By 1969, The Island House was already over 100 years old with a celebrated tradition as the “best family hotel” on Mackinac. After its owner passed away in 1938, the Island House was leased by the Moral Rearmament Association (MRA), an international peace organization, based in Switzerland, from the Mackinac Island State Park and served as the organization’s headquarters from 1942 until 1949. After their departure, the resort sat vacant for the better part of two decades.
The property deteriorated so much during that time that the state park chairman proposed tearing down the once grand estate. With demolition looming, Callewaert and Ryba purchased The Island House and leased the land from the state park, then embarked on an incredible restoration project that returned the opulent hotel to its original glory.
The two-year rehabilitation went to extraordinary lengths to preserve in painstaking detail the striking architectural features of the Victorian hotel’s exterior including the many columns, porch spindles, gables, windows and door styles.
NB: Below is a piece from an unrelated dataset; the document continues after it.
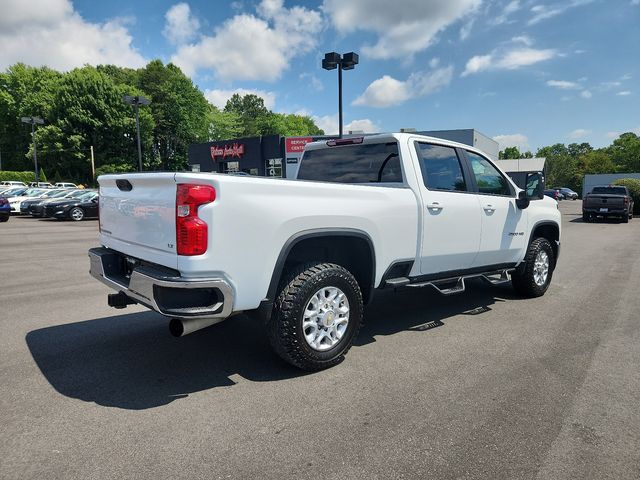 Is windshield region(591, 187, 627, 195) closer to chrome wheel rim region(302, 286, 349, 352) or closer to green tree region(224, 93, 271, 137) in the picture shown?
chrome wheel rim region(302, 286, 349, 352)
Shortly after work was completed, the state of Michigan honored Island House Hotel as a historic landmark.
It has been 50 years since Callewaert and Ryba saved The Island House. Preserving the authenticity of the historic estate continues to be of utmost importance today, even as the hotel adds modern conveniences to suit guests of 2019.
This year, in the first major remodeling since a hotel addition in 1995, The Island House debuts a $4 million update that has outfitted 91 guest rooms with a fresh, coastal casual décor featuring new furniture, hardwood flooring, lighting upgrades, USB charging stations, high-speed WiFi, flat-screen cable televisions and air conditioning. Several rooms received new tiling, granite vanities, and bathroom fixtures.
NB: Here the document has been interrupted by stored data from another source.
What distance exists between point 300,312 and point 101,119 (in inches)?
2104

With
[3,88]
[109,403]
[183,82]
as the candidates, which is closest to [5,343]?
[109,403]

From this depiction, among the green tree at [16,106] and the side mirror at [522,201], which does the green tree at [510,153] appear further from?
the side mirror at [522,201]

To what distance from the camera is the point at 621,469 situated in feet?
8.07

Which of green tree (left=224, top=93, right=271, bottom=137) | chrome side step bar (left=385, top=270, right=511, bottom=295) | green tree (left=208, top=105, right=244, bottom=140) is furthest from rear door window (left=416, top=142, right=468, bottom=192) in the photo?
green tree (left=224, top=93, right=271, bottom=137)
Outside, on the patio overlooking the state park, a second hot tub has been added along with new poolside furniture, so guests have more space to gather. Plus, the bricked courtyard, curated gardens, poolside indoor/outdoor bar, tented patio, and sundeck have been extended in a renovation of the Ice House Bar & BBQ.
“We like to think of Island House Hotel as the quintessential Mackinac Island experience encompassing great location to downtown as well as a respite from the hustle and bustle to enjoy the natural sights and sounds,” Callewaert said.
“We remain committed to enhancing the guest experience by adding contemporary conveniences to Island House Hotel while conscientiously preserving the allure of its historic ambiance.”
The Island House originally was built as a beachfront resort in 1852 before a second owner moved the hotel 300 feet off the shore to its present location to allow for future expansion. The Island House built distinctive-looking East and West wings in 1895 and 1912 and operated as a hotel well into the 20th century as Mackinac emerged as the most popular summer destination in America.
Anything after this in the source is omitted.